The Celebrity Problem: For users with more than 10,000 followers, do NOT fan out on write. Instead, merge their tweets into the timeline at read time. This hybrid approach (fan-out-on-write for normal users, fan-out-on-read for celebrities) is what Twitter actually uses.

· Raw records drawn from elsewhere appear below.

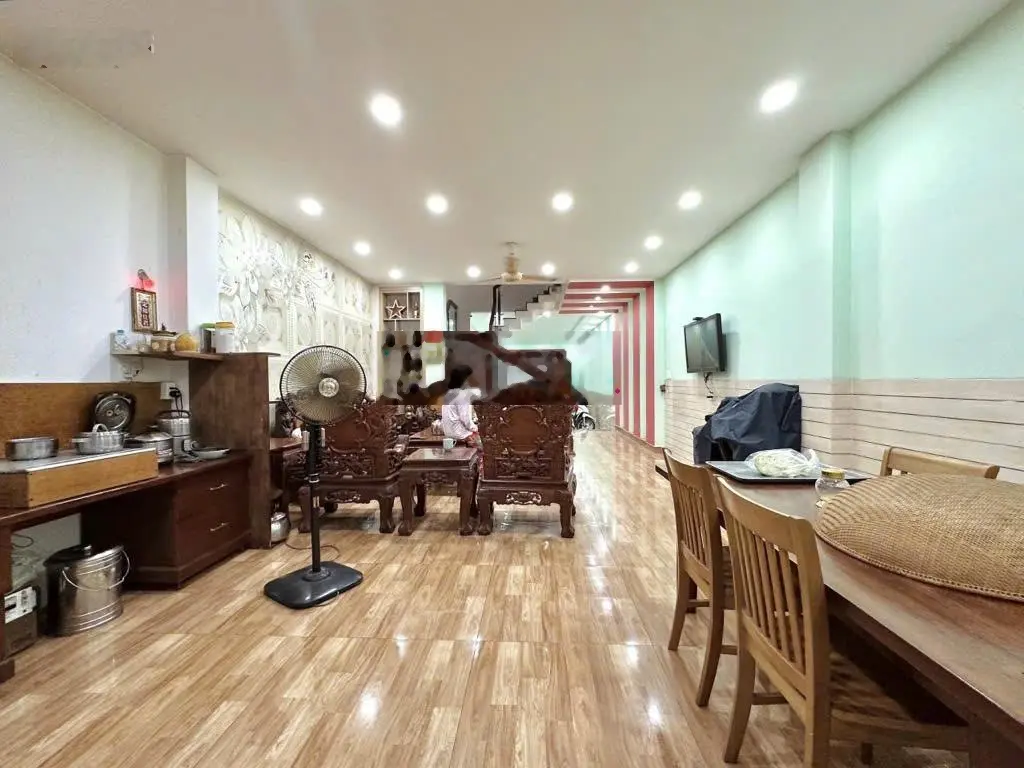 1 căn nhà với diện tích siêu rộng, vị trí trung tâm, cao tầng, thông số vàng mà giá chỉ 55 triệu/m2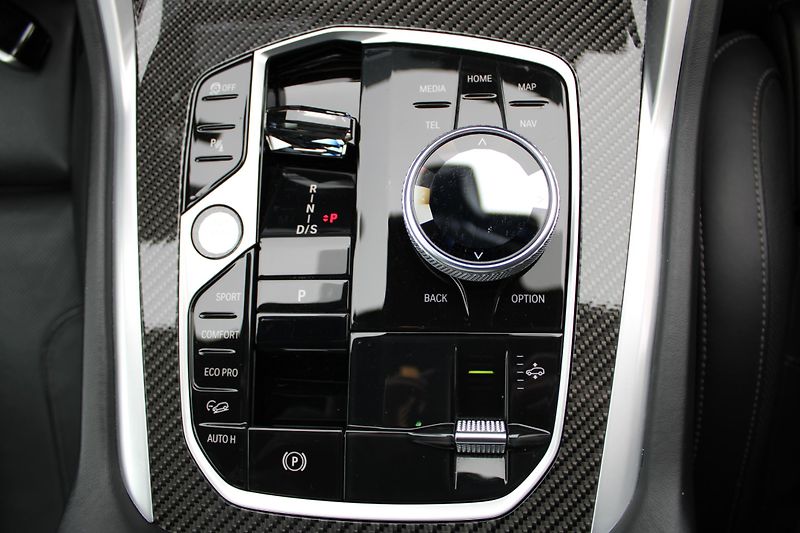 BMW X6 40d*M-sport*Karbon*Vzduch*B&W* - fotka 23 z 50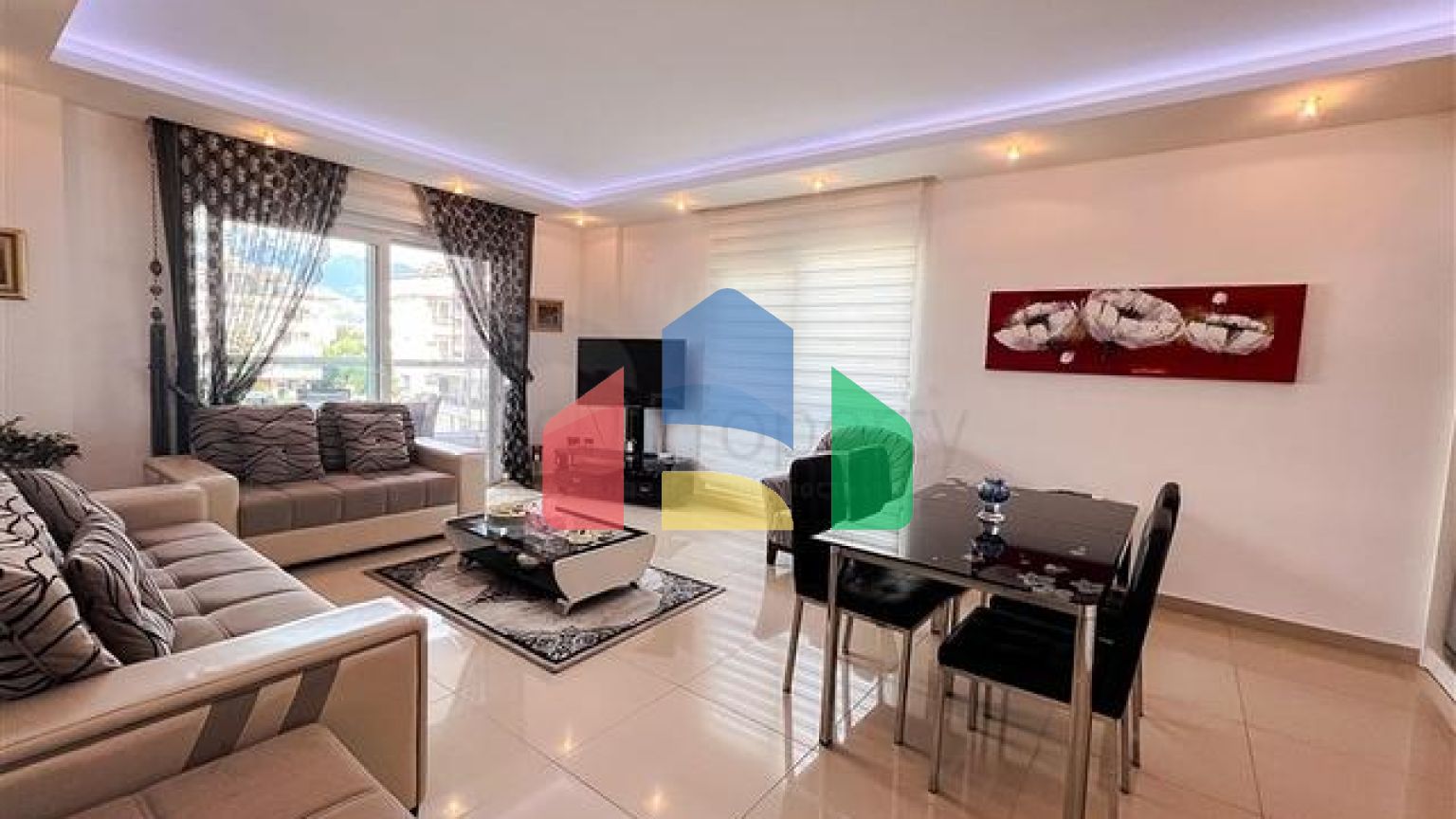 Простора трикімнатна квартира з гарним видом на басейн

Specific Back-of-the-Envelope Numbers
Traffic:
- 300M daily active users (DAU), 500M tweets/day
- Average user checks timeline 10 times/day = 3B timeline reads/day = ~35,000 reads/second
- Tweet writes: 500M/day = ~6,000 writes/second
- Average user has 400 followers: each tweet fans out to 400 timeline caches
Fan-out calculation:
- 500M tweets * 400 avg followers = 200 billion timeline cache updates/day
- Celebrity optimization: exclude users with 10K+ followers from fan-out, reducing this by ~30%
Storage:
- Tweet text: 280 bytes avg * 500M/day * 365 = ~50 TB/year for text alone
- Media: 1MB avg image * 100M images/day * 365 = ~36 PB/year for media
- Timeline cache (Redis): 300M users * 800 tweet IDs * 8 bytes = ~1.9 TB of Redis
Latency targets:
- Timeline load: under 200ms (pre-computed timeline from Redis)
- Tweet posting: under 500ms (write tweet, start async fan-out)
- Search: under 300ms (inverted index lookup)